The Israeli left, like its international counterparts, is an elitist movement clinging to the myth of an egalitarian past. It spreads hate and suspicion because it knows that a united electorate would never pick it. And it plays on issues that it only pretends to care about to feed national resentments while promising a better way.
According to the left, Israel has no peace because of the settlers and has no fair distribution of benefits because of the Haredim. The Mizrahi members of its lists will tell their communities that the Russians are stealing the benefits that should be theirs. The Russian members of its lists will tell their communities that the Orthodox Jews are stealing their benefits. The Arabs on the list will tell their communities that the Jews are stealing all their benefits (but not vice versa as that would be illegal.)
Everyone will troop out for a social protest overseen by the left’s NGO’s with money that it solicited from foreign donors on a promise to fight settlements, but after a week or two, there will be a Muslim terrorist attack which will interrupt the momentum of the social protest, and the organizers will fold up their expensive tents, bought with money from the European Union and American leftists, and do the same thing all over again next month.
The Israeli left has become a pathetic and degenerate creature that feeds on this sort of hate.

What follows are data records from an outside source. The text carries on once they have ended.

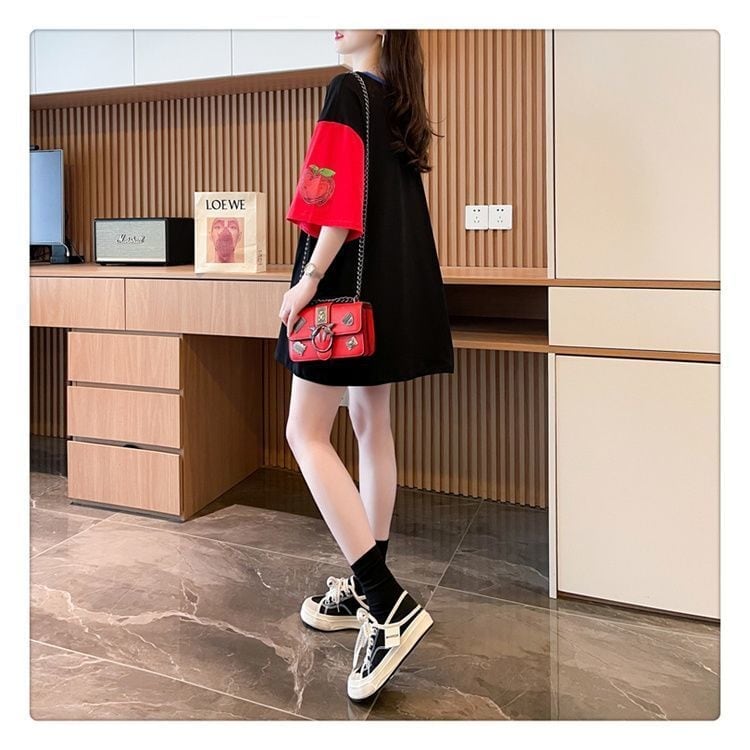 おすすめ 個性派 アルファベット プリントTシャツ ゆったり半袖ins-8090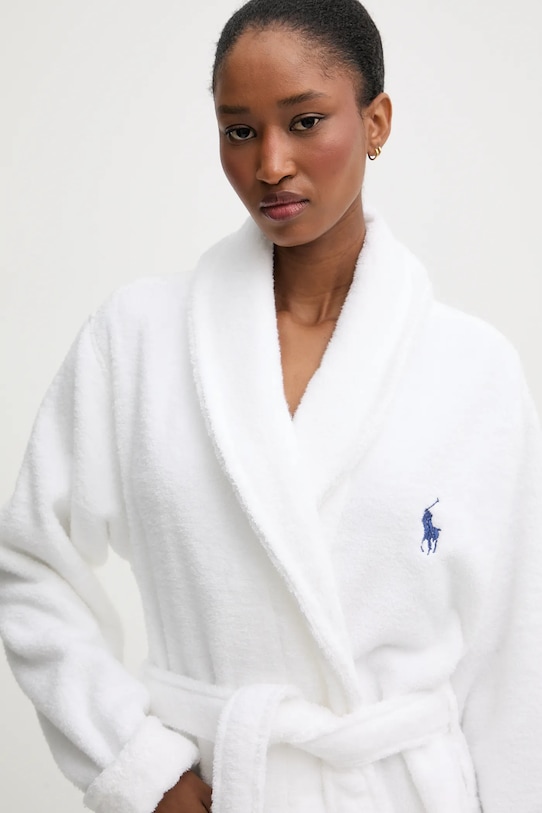 Polo Ralph Lauren szlafrok bawełniany biały 4P0396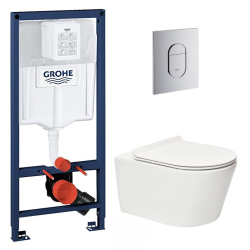 Rapid SL Pack WC bâti-support + WC sans bride Vitra S60 + Abattant SoftClose + Plaque noir mat (RapidSL-S60-KF0)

It rarely identifies itself in elections anymore, camouflaging its parties as centrist and mainstream. Its social protests may be stage-managed by the sort of people who parade around with red shirts and Palestinian flags in their real protests, but the social protests are masked as centrist protests, exploiting people with real grievances so that the grievance-makers may once again take power.
In the long run, the Haredim are needed in the workforce and the military, but getting them there would require changing the system, rather than the system that relies on them politically using them as scapegoats when politically convenient.
The National Unity Government came together and split not over the Haredi draft, but its cynical use as a political football in the game of coalitions that defines Israel’s political life. No one really wants to draft the Haredim, but no one, besides the Haredim, wants to appear not to want to draft them either. Haredi service, unlike food and apartment prices, is a stable grievance commodity. A political party that promises to draft them has its hand on the brass ring of Israeli grievance politics.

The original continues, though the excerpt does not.